Goldenrod Has Its Day

Like goldenrod, we thought there would be time

In Memory of Michelle Robbins Saunders

August 27, 1959 - August 25, 2008

In the fields, Queen Anne’s lace and black-eyed Susans are turning into dry stalks and seed heads. But goldenrod is in its glory. All summer long, it grew alongside the other flowers in the meadow. It held off until the waning days of the season to bloom.

Tall and strong, goldenrod is one tough native weed that is also lovely to look at. You might think that the goldenrod took all of the sunny days of summer and stored them up in green stems and leaves, just to put that color on display. It takes a lot to stand up to the brutal heat of summer, to the storms with pounding rain and hail. Storms come and go, but the goldenrod bounces back with grace.

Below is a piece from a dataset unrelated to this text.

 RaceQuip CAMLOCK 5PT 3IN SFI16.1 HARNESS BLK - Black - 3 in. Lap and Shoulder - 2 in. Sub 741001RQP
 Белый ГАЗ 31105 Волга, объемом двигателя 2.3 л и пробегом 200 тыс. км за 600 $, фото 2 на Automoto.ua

Grace is a word I like to use to describe the way some people handle the most difficult situations. This brings me to what I really want to write about — even as I struggle to feel up to it.

Michelle Robbins Saunders passed away at the end of summer. She was a native of the Eastern Shore, tall with a gloriously sunny disposition. She handled the responsibilities of work, family and community with grace, dignity and love. I know that she was proud of her Maryland heritage and might have preferred comparisons to the black-eyed Susan. But I have been thinking about goldenrod, and the similarities are too striking to dismiss. I doubt she would complain. First, she would have liked the comparison; second, she was not a complainer.

I think I know that much about her. She was smart and funny; talented and hard-working; wife and mother; writer and editor. She was a gardener, and she knew her trees. It can’t be true that she was always smiling, but that is how I remember her, even through her bout with pancreatic cancer took her life just two days before her 49th birthday.

I don’t want to say that I wish I had seen her in a bad mood. But it makes me doubt how well I had gotten to know her. After hearing the testimonies that her close friends spoke to memorialize her, I know that anyone of them could have written a more complete remembrance. I knew her less than fully, but — and this is what I want to emphasize — I thought there would be time.

With three young children and a job in the city, Michelle was busy. My connection was through her husband Ray. Michelle would be with Jacob, Micheal and Maggie when Ray and I, along with the rest of our band RockFish, gathered to rehearse and perform. My wife Karyn and I looked forward to a day when we all would be able to spend more time together. We thought there would be time.

The days are getting shorter and the nights are turning cool. September is a time of change; you feel it deep inside. In the meadow, asters and goldenrod will hang on for a while and the trees will turn color. Fall is a beautiful time — but it is bittersweet with loss.